Peut-on appeler “Dieu” ce qui a inspiré Jésus ?

Texte développant mon intervention à la Consultation internationale en ligne

Pour un humanisme bioécocentrique. Que pouvons-nous apporter, nous, les disciples de Jésus? (5 juin 2022)

Que pouvons-nous, en tant que disciples de Jésus, apporter à un humanisme bioécocentrique ? Non pas un surplus de valeurs, ni un fondement exclusif, mais l’inspiration de Jésus, l’inspiration qui l’a animé et qui émane de sa figure humaine, de ses attitudes et de ses choix de vie, de ses relations et de ses priorités, de ses paroles libres et de ses actions libératrices.

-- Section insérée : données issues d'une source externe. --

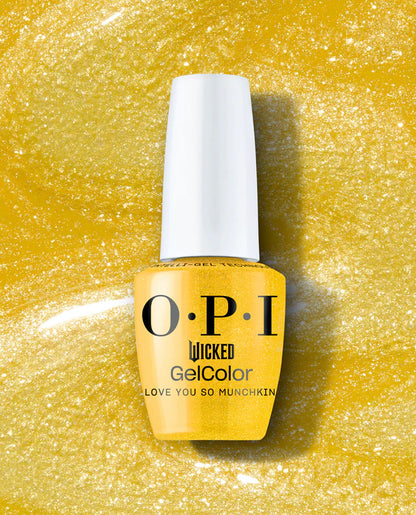 OPI - R12 Love You So Munchkin (Gel)(Limited)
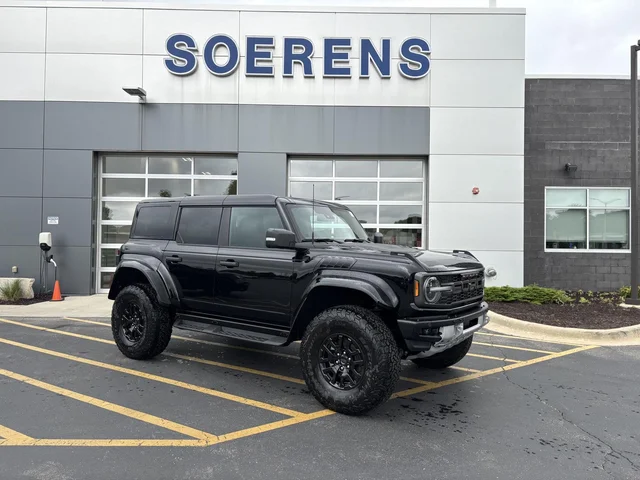 2025 Ford Bronco Raptor®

1. Comme toute inspiration, comme l’air que nous inspirons et expirons, l’inspiration de Jésus est à la fois universelle et particulière. Elle est universelle, parce qu’elle transcende toutes les formes physiques, psychiques et culturelles ; mais elle est aussi inévitablement particulière, partielle, et s’exprime dans une forme, dans une vie, dans une histoire humaine concrète, dont la mémoire a été transmise de manière libre, créative, plurielle, non subordonnée à la “vérité historiographique”, dans un langage symbolique riche, complexe et cohérent : messianisme, libération universelle, guérison, fraternité-sororité, filiation divine, communion ouverte, pain et vin, béatitudes, justice et paix universelles, grâce, pardon, nouveaux cieux et nouvelle terre, incarnation, résurrection, christification, etc…..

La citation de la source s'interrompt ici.